Creecy’s fuel storage plan in Durban hits a legal snag
4 min readMinister of Transport Barbara Creecy’s decision to award 25-year lease renewals to oil majors at Island View Precinct (IVP) in Durban has been hit with its first serious legal challenge.
Capricorn Petrochemicals, a BEE player in the petrochemical sector, has filed suit against the minister and 12 other respondents, seeking to set aside her decision to award 25-year leases to incumbents operating fuel storage facilities at IVP.
The precinct handles about 75% of SA’s petroleum imports and is of vital national importance, says the founding affidavit by Capricorn CEO Anda Bici.
Instead of putting the leases out to competitive tender, Creecy invoked Section 79 of the National Ports Authority Act, which allows her to bypass the normal licensing procedures in the national interest.
Bici takes issue with Creecy’s use of this legal mechanism to bypass the normal competitive bidding process required under the National Ports Act.

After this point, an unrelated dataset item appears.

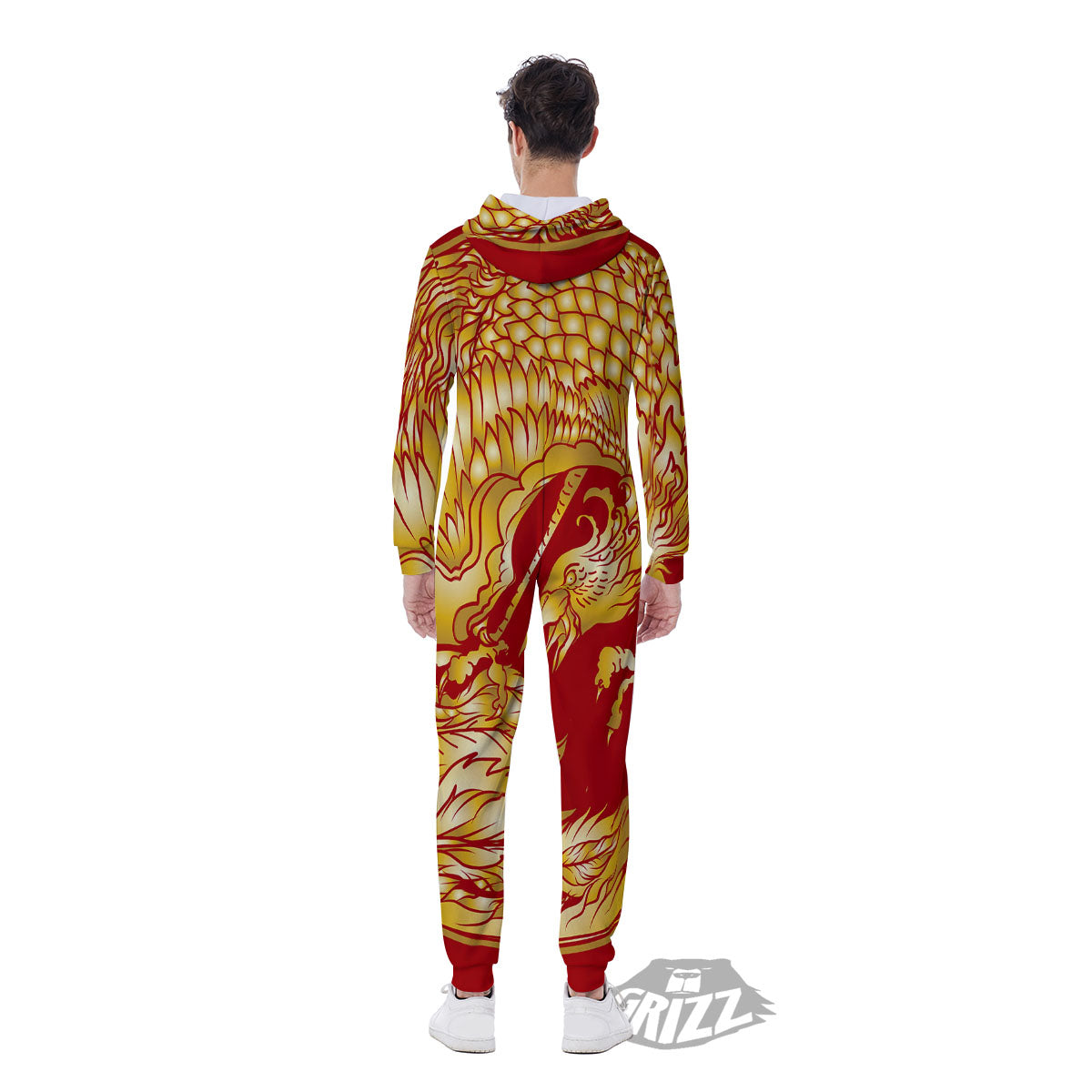Phoenix Japanese Print Men's Jumpsuit-grizzshop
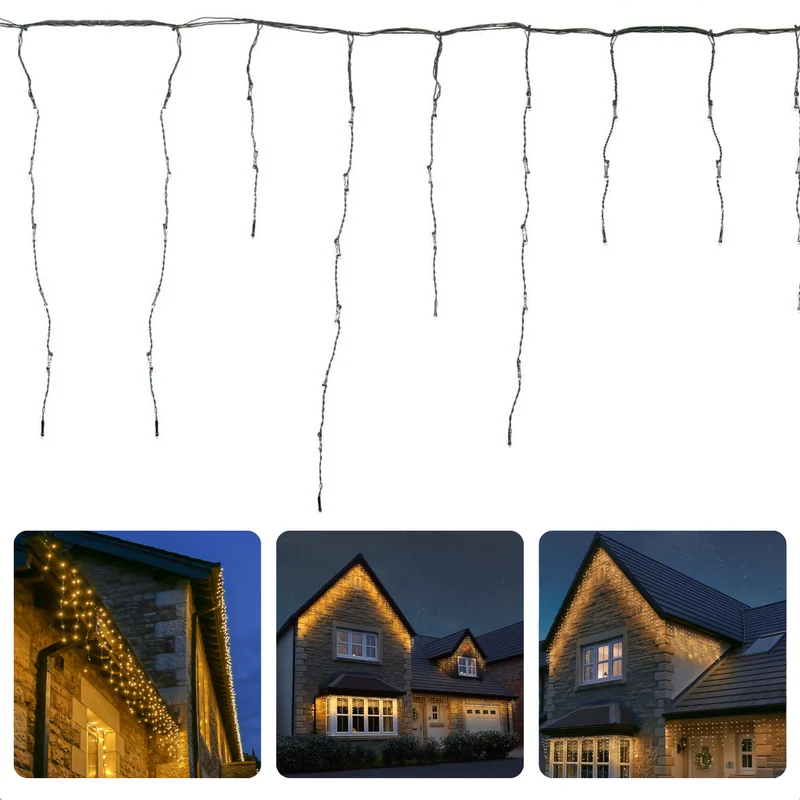 Cheqo® IJspegel Lichtgordijn - 1.70m - 90 LED's - Extra Warm Wit - Soft Wire - Innovatief - 8 Lichtfuncties - IP44 - Binnen & Buiten - Lichtsnoer - Kerstverlichting - Sfeerverlichting - Feestverlichting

Creecy signed a directive on 28 August 2025, which, subject to certain conditions, awarded companies such as Bidvest Tank Terminal, Astron Energy, Vopak, Sapref, Sasol Oil, Engen Petroleum, and the state-owned Central Energy Fund (CEF) the rights to operate liquid bulk terminals at IVP.
The CEF was also granted the right to construct and operate a new mooring at the IVP for 25 years.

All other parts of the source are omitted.